JESPER KLAUSEN / SCIENCE PHOTO LIBRARY / Getty Images

Annual Cases and Deaths

Cancer prevalence is the number of people who have ever been diagnosed with the disease on a certain date. This number includes past and recent diagnoses. On the other hand, yearly cancer incidence is the number of new cancers that occur among a specified population during a year.
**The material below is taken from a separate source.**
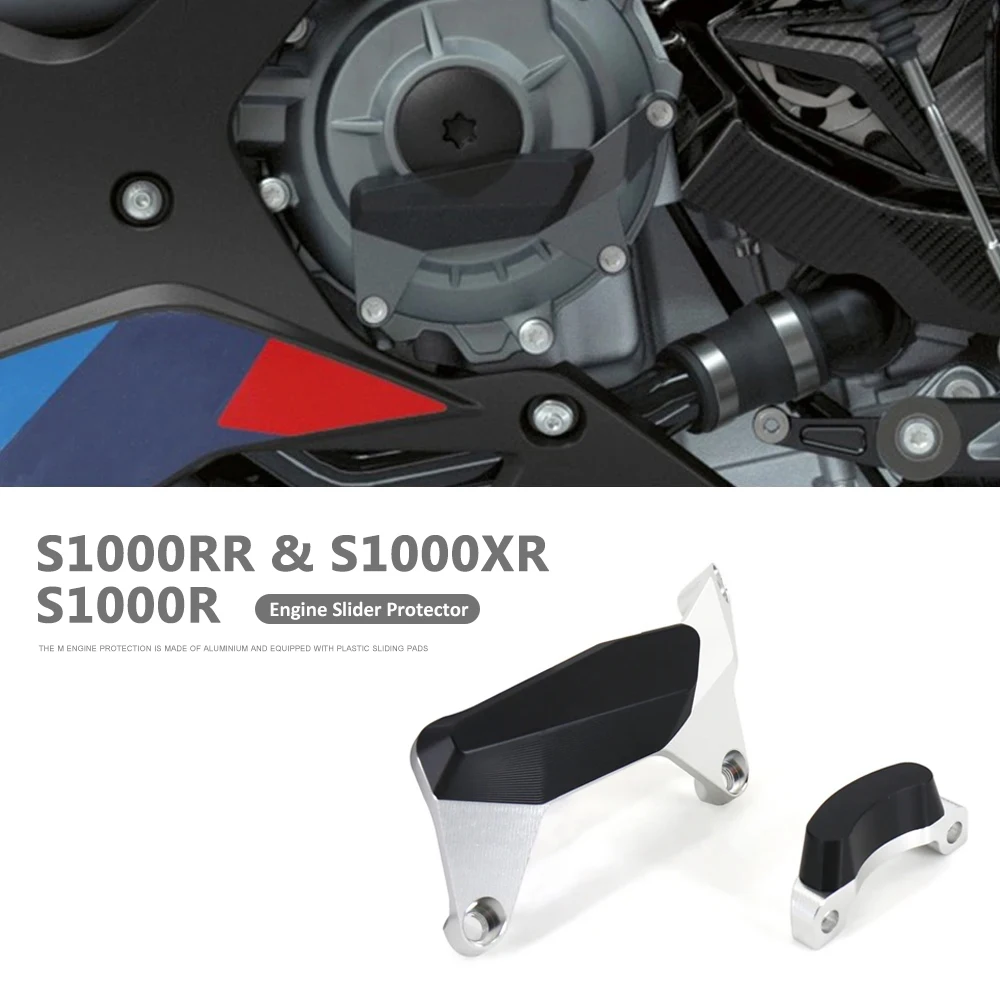 

New Motorcycle 2020-2024 2023 Engine Slider Protector Engine Case Cover Slider Crash Protector For BMW S1000RR S1000XR S1000R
It is expressed as the number of cancers per 100,000 population at risk.

The National Cancer Institute estimated that in 2020, 1,806,590 new cancer cases would be diagnosed and that 606,520 new deaths from cancer would occur. The rate of new cases of any type of cancer was 442.4 per 100,000 people per year, and the death rate was 155.5 per 100,000 people per year.

The NCI breaks down these statistics to determine which cancers are more common based on incidence and mortality statistics that are reported by the American Cancer Society and other resources. To count as a common cancer, the estimated annual incidence for 2020 had to be 40,000 cases or more.

The most common type of cancer is breast cancer, with 279,100 new cases expected in the United States in 2020, followed by lung cancer and prostate cancer.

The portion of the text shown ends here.